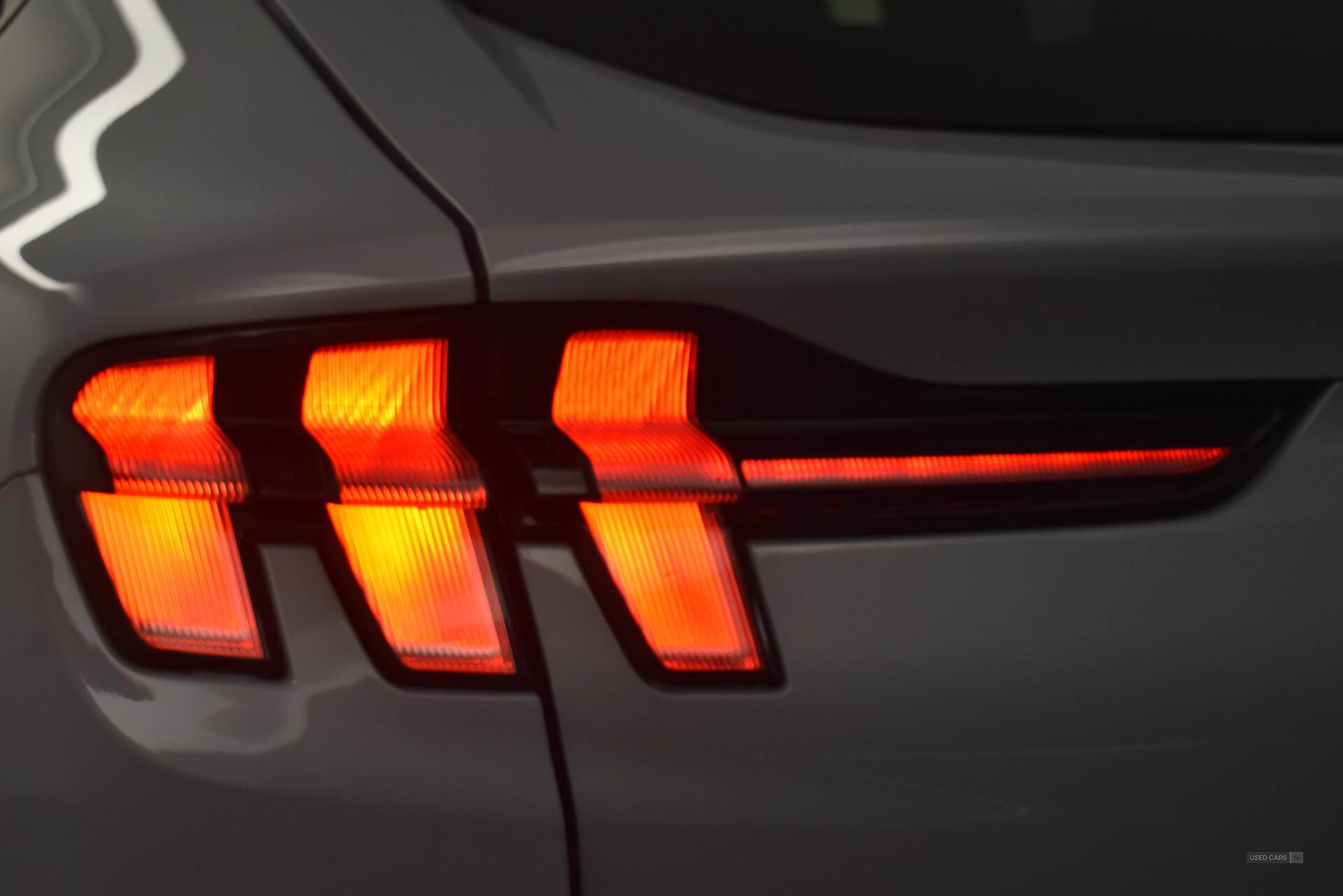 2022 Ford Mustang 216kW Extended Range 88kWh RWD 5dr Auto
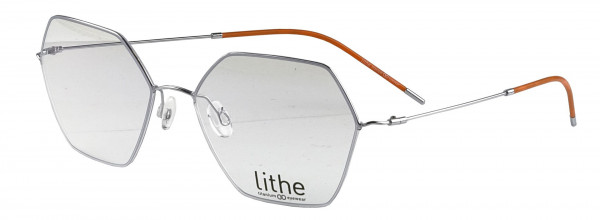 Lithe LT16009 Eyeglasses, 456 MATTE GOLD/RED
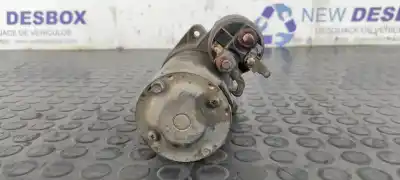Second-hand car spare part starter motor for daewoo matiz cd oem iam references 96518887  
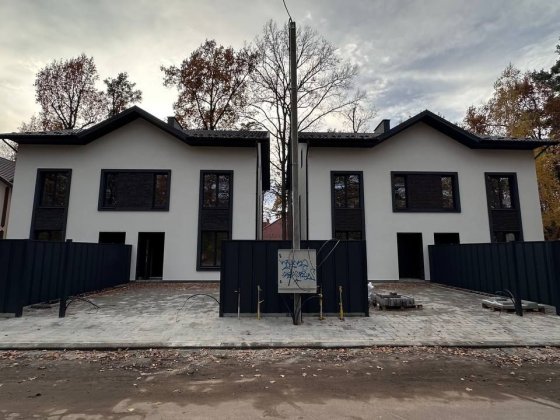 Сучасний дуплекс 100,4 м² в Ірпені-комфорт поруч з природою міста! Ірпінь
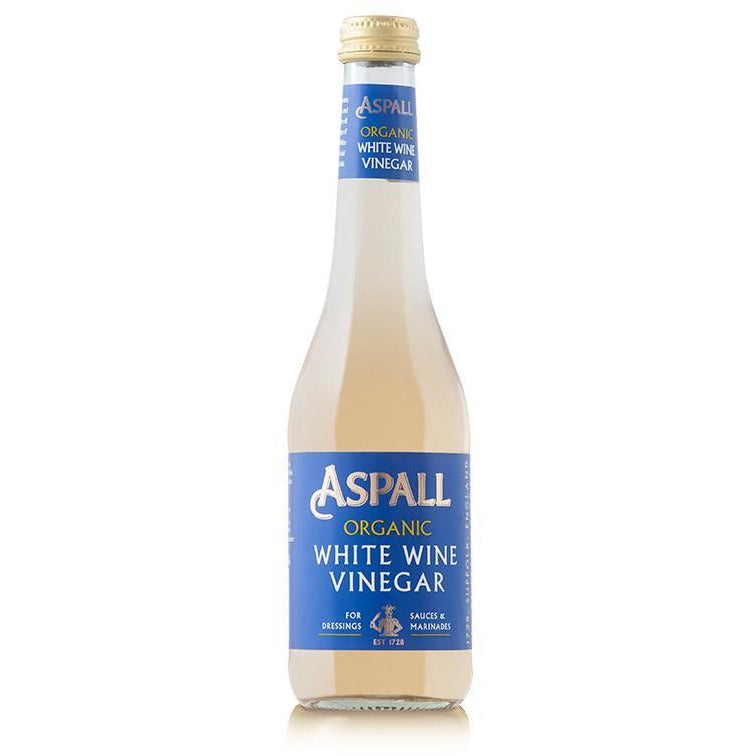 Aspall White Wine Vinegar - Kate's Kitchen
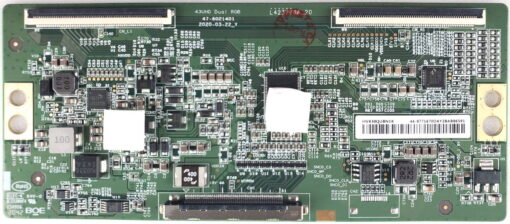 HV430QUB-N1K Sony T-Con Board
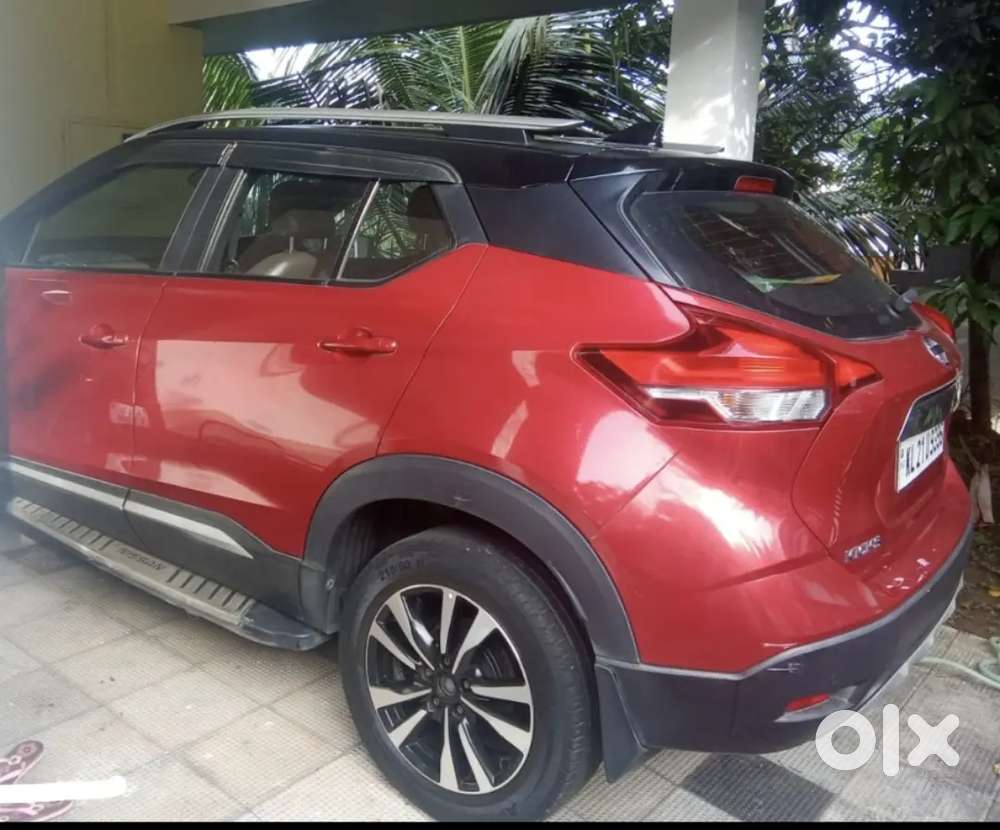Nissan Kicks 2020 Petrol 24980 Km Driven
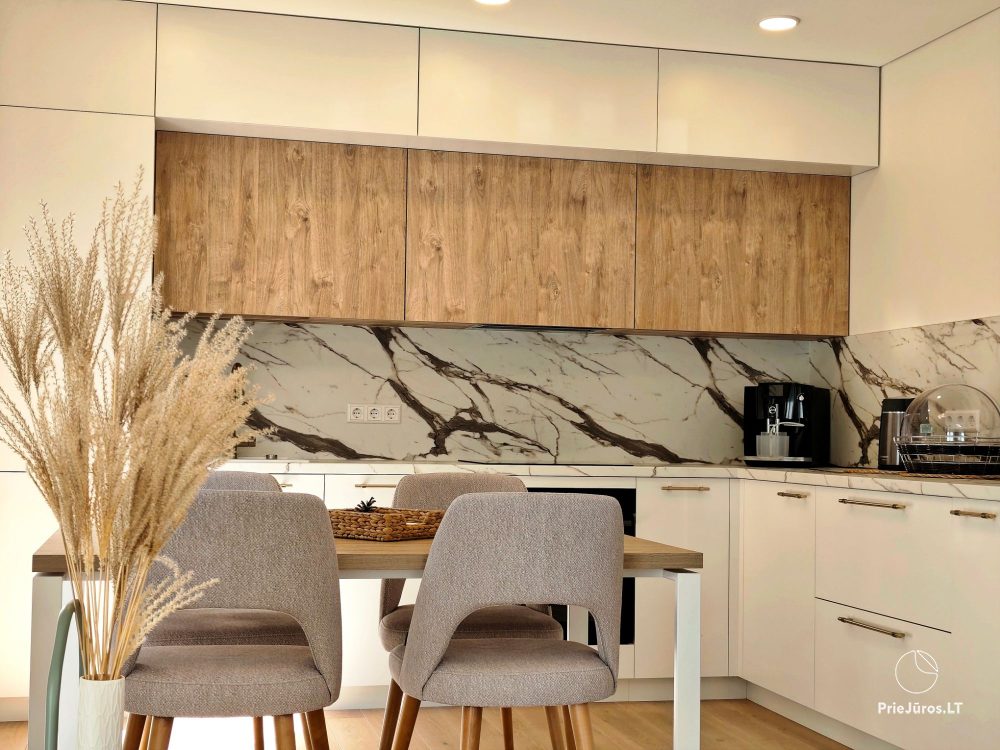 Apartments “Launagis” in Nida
• • •
▸ **Activity**:
Please retype exactly the lines from the one containing "Сучасний дуплекс 100,4" to the last line of the records above, both included, without any pictures.

▸ **Task answer**:
 Сучасний дуплекс 100,4 м² в Ірпені-комфорт поруч з природою міста! Ірпінь
 Aspall White Wine Vinegar - Kate's Kitchen
 HV430QUB-N1K Sony T-Con Board
Nissan Kicks 2020 Petrol 24980 Km Driven
 Apartments “Launagis” in Nida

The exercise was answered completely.